Task details = Retype the entries, please, from their first line to the line containing "2024-S Morgan Silver", exactly and only those lines, minus the pictures.

Information supplied =
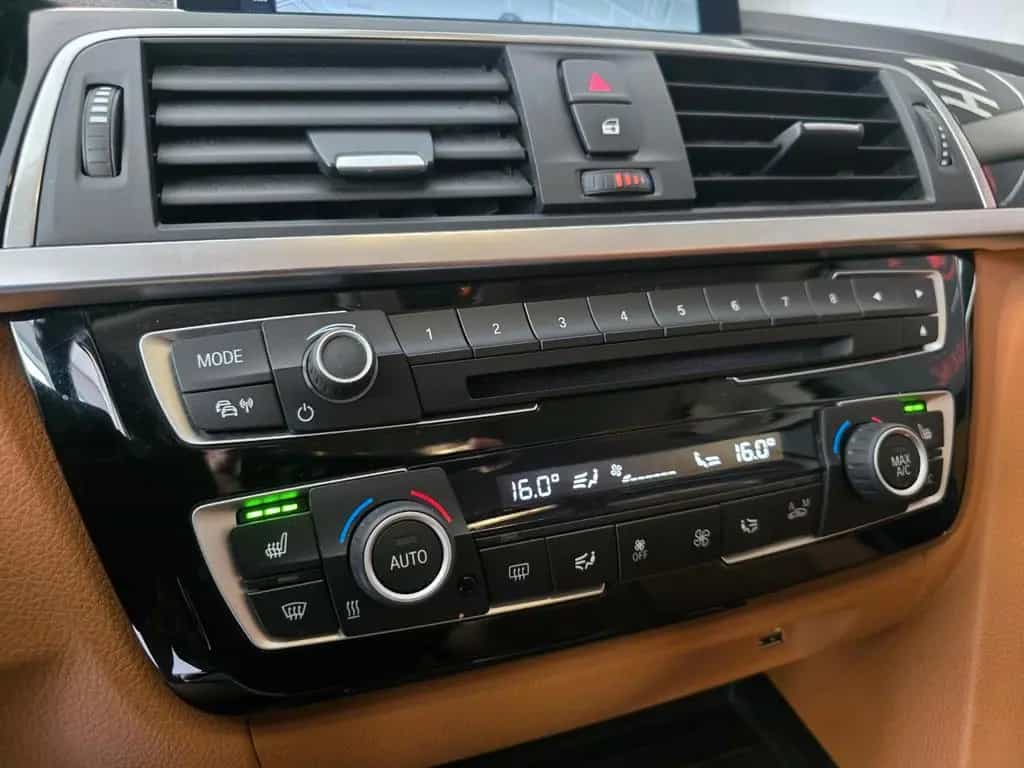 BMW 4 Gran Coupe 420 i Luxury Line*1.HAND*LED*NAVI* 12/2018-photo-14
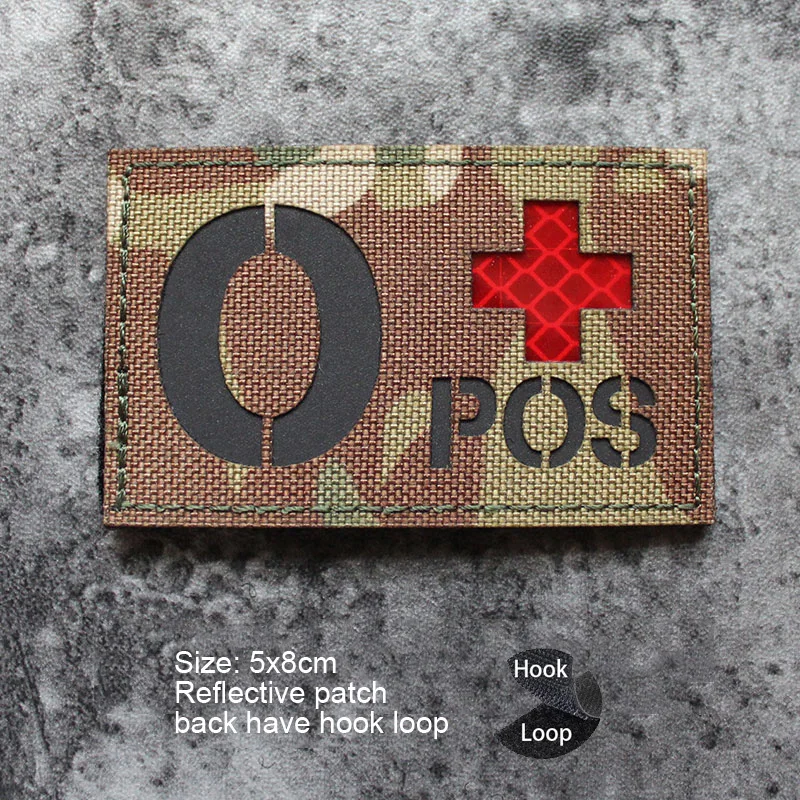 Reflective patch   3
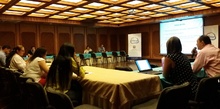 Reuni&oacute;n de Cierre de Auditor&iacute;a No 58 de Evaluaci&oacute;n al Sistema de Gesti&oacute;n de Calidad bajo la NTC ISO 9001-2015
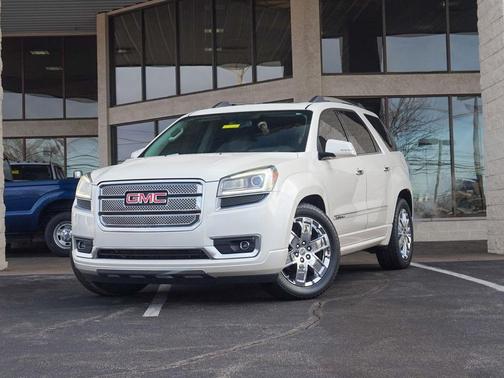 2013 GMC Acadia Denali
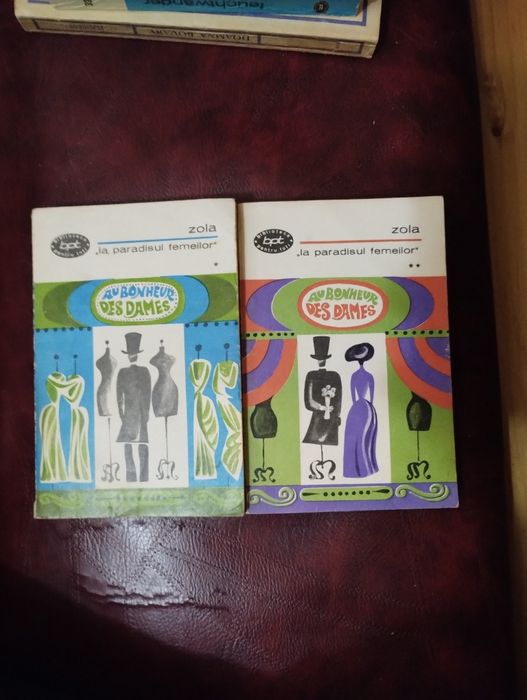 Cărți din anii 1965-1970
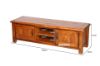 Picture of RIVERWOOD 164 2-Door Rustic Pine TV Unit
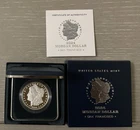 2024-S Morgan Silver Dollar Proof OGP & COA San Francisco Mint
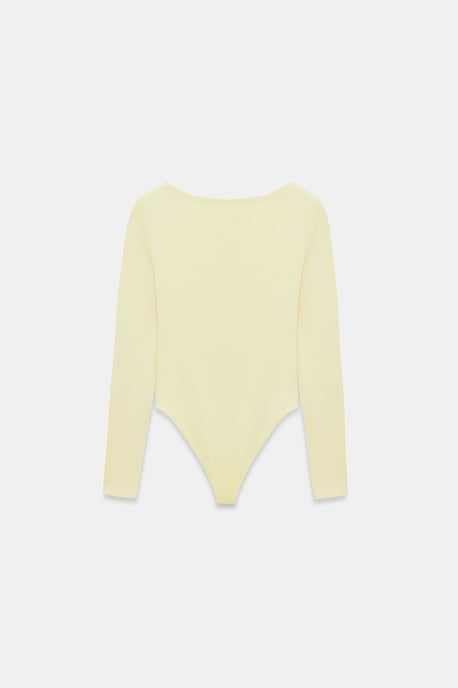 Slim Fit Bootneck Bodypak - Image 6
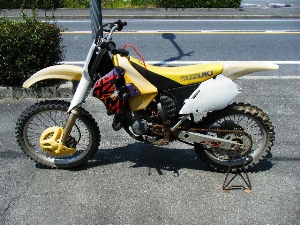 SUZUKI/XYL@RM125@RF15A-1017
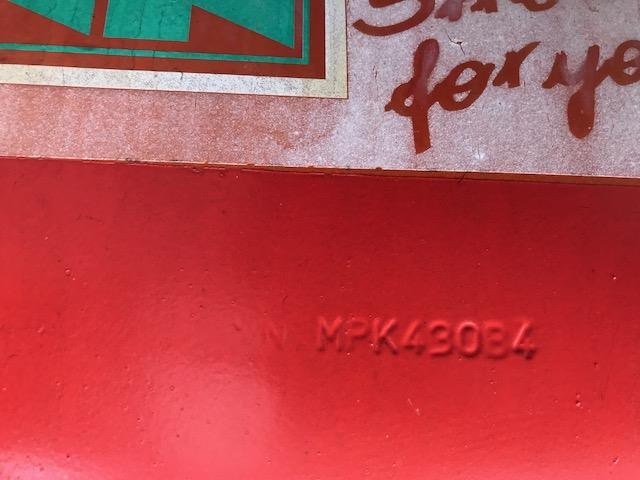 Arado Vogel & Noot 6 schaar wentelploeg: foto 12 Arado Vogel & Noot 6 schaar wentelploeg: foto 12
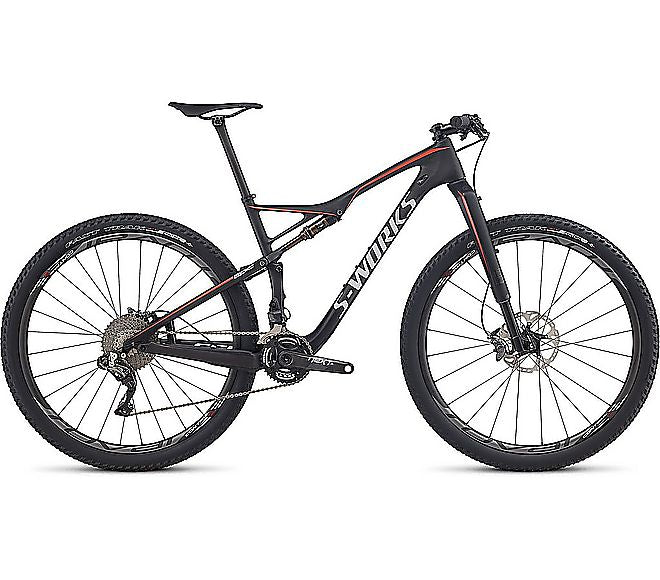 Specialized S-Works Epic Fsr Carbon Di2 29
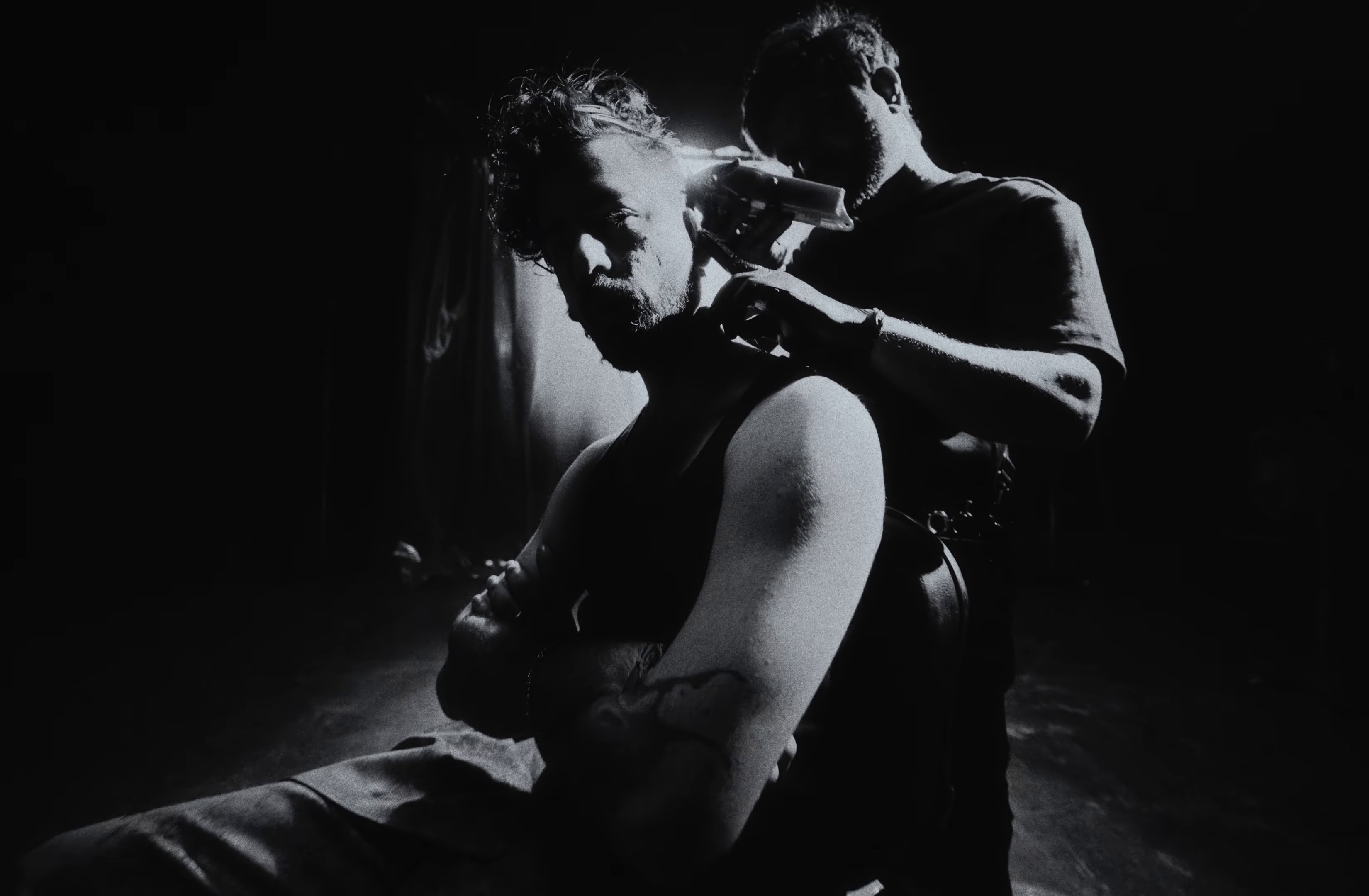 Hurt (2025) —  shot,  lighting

Solution below =
 BMW 4 Gran Coupe 420 i Luxury Line*1.HAND*LED*NAVI* 12/2018-photo-14
 Reflective patch   3
 Reuni&oacute;n de Cierre de Auditor&iacute;a No 58 de Evaluaci&oacute;n al Sistema de Gesti&oacute;n de Calidad bajo la NTC ISO 9001-2015
 2013 GMC Acadia Denali
 Cărți din anii 1965-1970
 Picture of RIVERWOOD 164 2-Door Rustic Pine TV Unit
 2024-S Morgan Silver Dollar Proof OGP & COA San Francisco Mint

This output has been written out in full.